Acquires the lock if it is available and returns immediately with the value true. If the lock is not available then this method will return immediately with the value {{false}}. {quote} On a single machine this contract results in an almost instantaneous response since checking for the lock’s status is very quick. In a clustered environment unless the lock is either: held locally or held greedily (this client has been given temporary exclusive access to the lock), we are forced to trigger a server call to determine the lock hold state. This means we trigger a server request, and then wait for it’s response so we can determine the correct course of action.

In your case the client has been disconnected from the cluster… a pedantic person would reason that the tryLock call cannot return until the client rejoins the cluster as it cannot know the lock state, and so any return value would breach the above contract. The reasoning (and contract) for a timed {{tryLock(…)}} is very similar: {quote} Acquires the lock if it is free within the given waiting time and the current thread has not been {{interrupted}}.

If the lock is available this method returns immediately with the value {{true}}. If the lock is not available then the current thread becomes disabled for thread scheduling purposes and lies dormant until one of three things happens… {quote} The logic here is that the timed-wait does not start until after the lock status is known, which requires a server response. Hence for a timed call we only do a timed park when the lock state is known locally, otherwise we wait for a server response - which in your case will never come.

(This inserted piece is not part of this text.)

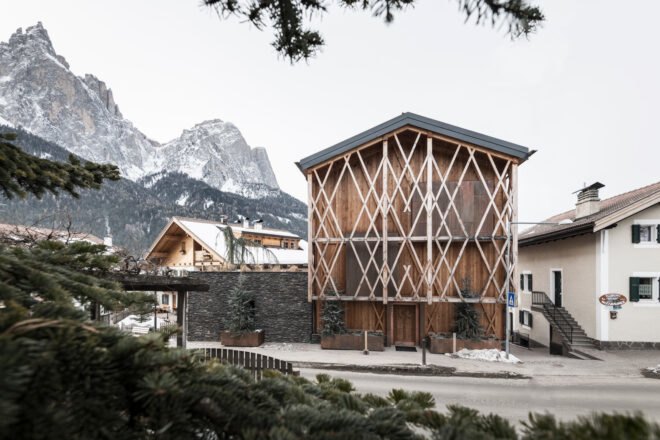 artistic wood trellis over a wooden gabled home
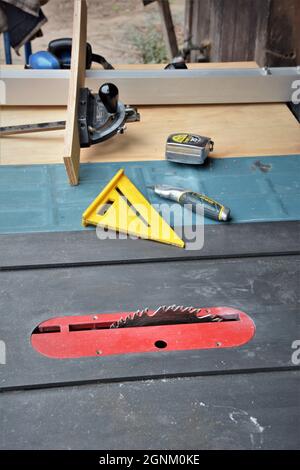 Do It Yourself senior men and Home owners cutting an preparing laminate flooring for their home using saws, planes and other tools which are dangerous Stock Photo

Having said this in your case I think the permanent disconnect (due to the healthchecker) is probably sufficient cause for us to allow the tryLock calls to return {{false}}, given the fact that the server response will now never come. It could in fact be argued that the lock is deterministically “not available” now since we can never receive the award from the server, so a {{false}} return would conform to the contract.

Chris Dennis 2011-06-24

I think this probably deserves a fix, however I’m pretty certain that this is a toolkit only issue (don’t think it has any impact for Ehcache or Quartz). I don’t know if this guy is a customer or anything, so I’ll leave the targeting up to IRB, but my opinion would be Vicente unless there is a compelling reason to push it in to Ulloa.

Fiona OShea 2011-12-15

IF this is easy can we do it in the dot releases. thanks